The lines to reproduce run from the first one below to the line containing "Maison vente à Guingamp, Bretagne", both included. Reproduce them exactly and nothing else.

----

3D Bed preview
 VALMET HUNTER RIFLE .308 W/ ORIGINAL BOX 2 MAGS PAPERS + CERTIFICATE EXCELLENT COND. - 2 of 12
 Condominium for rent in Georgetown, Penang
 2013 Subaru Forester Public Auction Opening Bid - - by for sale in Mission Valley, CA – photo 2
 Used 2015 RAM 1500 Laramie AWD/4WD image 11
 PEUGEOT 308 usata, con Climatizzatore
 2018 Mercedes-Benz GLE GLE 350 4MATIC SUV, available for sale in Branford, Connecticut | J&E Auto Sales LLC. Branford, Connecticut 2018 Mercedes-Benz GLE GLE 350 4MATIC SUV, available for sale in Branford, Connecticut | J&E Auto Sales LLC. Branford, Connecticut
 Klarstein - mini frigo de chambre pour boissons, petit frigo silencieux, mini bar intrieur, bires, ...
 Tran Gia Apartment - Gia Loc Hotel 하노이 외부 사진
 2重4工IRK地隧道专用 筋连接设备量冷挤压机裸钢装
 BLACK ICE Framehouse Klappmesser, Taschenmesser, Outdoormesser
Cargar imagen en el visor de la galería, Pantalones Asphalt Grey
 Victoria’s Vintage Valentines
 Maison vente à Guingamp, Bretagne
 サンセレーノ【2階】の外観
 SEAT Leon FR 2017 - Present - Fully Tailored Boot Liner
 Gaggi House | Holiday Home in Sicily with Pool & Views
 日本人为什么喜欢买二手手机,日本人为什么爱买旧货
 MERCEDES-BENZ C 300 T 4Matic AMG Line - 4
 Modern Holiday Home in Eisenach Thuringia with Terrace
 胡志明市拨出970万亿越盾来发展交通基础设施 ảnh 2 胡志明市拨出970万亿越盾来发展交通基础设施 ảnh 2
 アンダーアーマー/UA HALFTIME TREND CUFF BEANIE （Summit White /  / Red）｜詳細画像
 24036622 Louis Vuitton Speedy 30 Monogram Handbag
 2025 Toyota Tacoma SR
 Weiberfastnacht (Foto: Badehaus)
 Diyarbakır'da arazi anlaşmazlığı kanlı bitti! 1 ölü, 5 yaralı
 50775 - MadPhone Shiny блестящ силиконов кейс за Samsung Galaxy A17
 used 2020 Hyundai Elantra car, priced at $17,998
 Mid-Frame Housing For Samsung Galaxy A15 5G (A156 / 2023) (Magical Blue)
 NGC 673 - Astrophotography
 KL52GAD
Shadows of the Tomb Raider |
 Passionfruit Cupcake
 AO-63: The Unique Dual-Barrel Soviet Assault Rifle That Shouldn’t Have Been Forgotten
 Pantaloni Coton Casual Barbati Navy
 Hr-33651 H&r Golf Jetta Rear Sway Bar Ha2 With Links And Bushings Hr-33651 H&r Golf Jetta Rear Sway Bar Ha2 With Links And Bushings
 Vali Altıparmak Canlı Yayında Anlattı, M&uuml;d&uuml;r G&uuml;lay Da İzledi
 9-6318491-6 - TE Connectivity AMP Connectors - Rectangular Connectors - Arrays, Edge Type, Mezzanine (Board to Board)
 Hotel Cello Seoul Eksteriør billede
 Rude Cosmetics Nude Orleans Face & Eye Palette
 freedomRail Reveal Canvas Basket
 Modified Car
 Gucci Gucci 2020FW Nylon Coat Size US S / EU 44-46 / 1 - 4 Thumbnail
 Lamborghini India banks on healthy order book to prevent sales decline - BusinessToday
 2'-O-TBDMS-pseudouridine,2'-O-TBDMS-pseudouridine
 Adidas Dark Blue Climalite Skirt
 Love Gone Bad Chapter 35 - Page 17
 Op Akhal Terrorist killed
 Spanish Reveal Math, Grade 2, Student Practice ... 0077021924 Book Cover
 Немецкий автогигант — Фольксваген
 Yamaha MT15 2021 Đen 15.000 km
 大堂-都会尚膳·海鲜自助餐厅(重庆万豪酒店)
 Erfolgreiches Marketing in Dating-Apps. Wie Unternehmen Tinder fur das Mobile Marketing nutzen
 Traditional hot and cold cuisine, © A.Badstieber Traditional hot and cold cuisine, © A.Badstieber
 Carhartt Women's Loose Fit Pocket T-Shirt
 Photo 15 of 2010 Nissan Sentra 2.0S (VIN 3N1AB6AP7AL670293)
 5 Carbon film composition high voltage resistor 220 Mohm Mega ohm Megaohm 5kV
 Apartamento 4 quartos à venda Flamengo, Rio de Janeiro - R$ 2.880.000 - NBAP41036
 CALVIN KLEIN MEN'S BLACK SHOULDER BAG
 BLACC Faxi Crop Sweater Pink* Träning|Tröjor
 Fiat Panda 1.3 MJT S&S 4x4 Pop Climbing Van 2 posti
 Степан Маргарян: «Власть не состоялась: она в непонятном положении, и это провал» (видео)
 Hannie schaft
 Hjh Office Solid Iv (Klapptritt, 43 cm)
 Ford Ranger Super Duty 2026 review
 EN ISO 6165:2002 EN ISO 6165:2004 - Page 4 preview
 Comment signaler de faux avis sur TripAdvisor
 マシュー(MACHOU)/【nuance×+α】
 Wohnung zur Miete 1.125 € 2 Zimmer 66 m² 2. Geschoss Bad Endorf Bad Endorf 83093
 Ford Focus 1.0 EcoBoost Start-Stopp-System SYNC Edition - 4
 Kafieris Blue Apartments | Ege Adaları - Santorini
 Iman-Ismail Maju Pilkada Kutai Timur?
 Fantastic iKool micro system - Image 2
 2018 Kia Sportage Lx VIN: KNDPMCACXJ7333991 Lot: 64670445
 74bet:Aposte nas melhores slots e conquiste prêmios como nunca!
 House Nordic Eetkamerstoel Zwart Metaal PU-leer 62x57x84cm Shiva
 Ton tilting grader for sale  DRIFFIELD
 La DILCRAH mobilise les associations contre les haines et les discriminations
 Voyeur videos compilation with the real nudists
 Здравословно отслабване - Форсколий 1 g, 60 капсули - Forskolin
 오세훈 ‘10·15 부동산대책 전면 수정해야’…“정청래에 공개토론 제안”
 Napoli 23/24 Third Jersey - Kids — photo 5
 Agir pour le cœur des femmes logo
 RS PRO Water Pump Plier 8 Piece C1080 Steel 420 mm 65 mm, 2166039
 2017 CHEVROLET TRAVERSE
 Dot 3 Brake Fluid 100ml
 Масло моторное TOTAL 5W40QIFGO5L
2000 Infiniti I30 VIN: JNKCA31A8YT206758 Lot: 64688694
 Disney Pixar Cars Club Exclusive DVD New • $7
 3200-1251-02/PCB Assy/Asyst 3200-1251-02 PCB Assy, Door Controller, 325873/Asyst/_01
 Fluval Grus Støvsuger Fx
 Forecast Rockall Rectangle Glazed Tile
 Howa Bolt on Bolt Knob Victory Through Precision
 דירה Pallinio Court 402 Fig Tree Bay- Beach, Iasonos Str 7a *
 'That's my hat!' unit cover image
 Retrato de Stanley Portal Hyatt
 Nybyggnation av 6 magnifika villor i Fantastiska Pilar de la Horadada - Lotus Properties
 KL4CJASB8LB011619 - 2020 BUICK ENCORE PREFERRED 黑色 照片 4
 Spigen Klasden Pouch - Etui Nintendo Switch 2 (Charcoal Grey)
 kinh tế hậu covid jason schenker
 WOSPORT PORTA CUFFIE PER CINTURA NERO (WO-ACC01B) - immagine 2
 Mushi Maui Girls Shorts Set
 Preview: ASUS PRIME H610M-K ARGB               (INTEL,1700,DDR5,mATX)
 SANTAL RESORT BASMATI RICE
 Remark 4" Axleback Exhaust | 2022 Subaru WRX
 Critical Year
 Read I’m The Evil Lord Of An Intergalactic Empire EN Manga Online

----

## [WRITTEN REPLY]
3D Bed preview
 VALMET HUNTER RIFLE .308 W/ ORIGINAL BOX 2 MAGS PAPERS + CERTIFICATE EXCELLENT COND. - 2 of 12
 Condominium for rent in Georgetown, Penang
 2013 Subaru Forester Public Auction Opening Bid - - by for sale in Mission Valley, CA – photo 2
 Used 2015 RAM 1500 Laramie AWD/4WD image 11
 PEUGEOT 308 usata, con Climatizzatore
 2018 Mercedes-Benz GLE GLE 350 4MATIC SUV, available for sale in Branford, Connecticut | J&E Auto Sales LLC. Branford, Connecticut 2018 Mercedes-Benz GLE GLE 350 4MATIC SUV, available for sale in Branford, Connecticut | J&E Auto Sales LLC. Branford, Connecticut
 Klarstein - mini frigo de chambre pour boissons, petit frigo silencieux, mini bar intrieur, bires, ...
 Tran Gia Apartment - Gia Loc Hotel 하노이 외부 사진
 2重4工IRK地隧道专用 筋连接设备量冷挤压机裸钢装
 BLACK ICE Framehouse Klappmesser, Taschenmesser, Outdoormesser
Cargar imagen en el visor de la galería, Pantalones Asphalt Grey
 Victoria’s Vintage Valentines
 Maison vente à Guingamp, Bretagne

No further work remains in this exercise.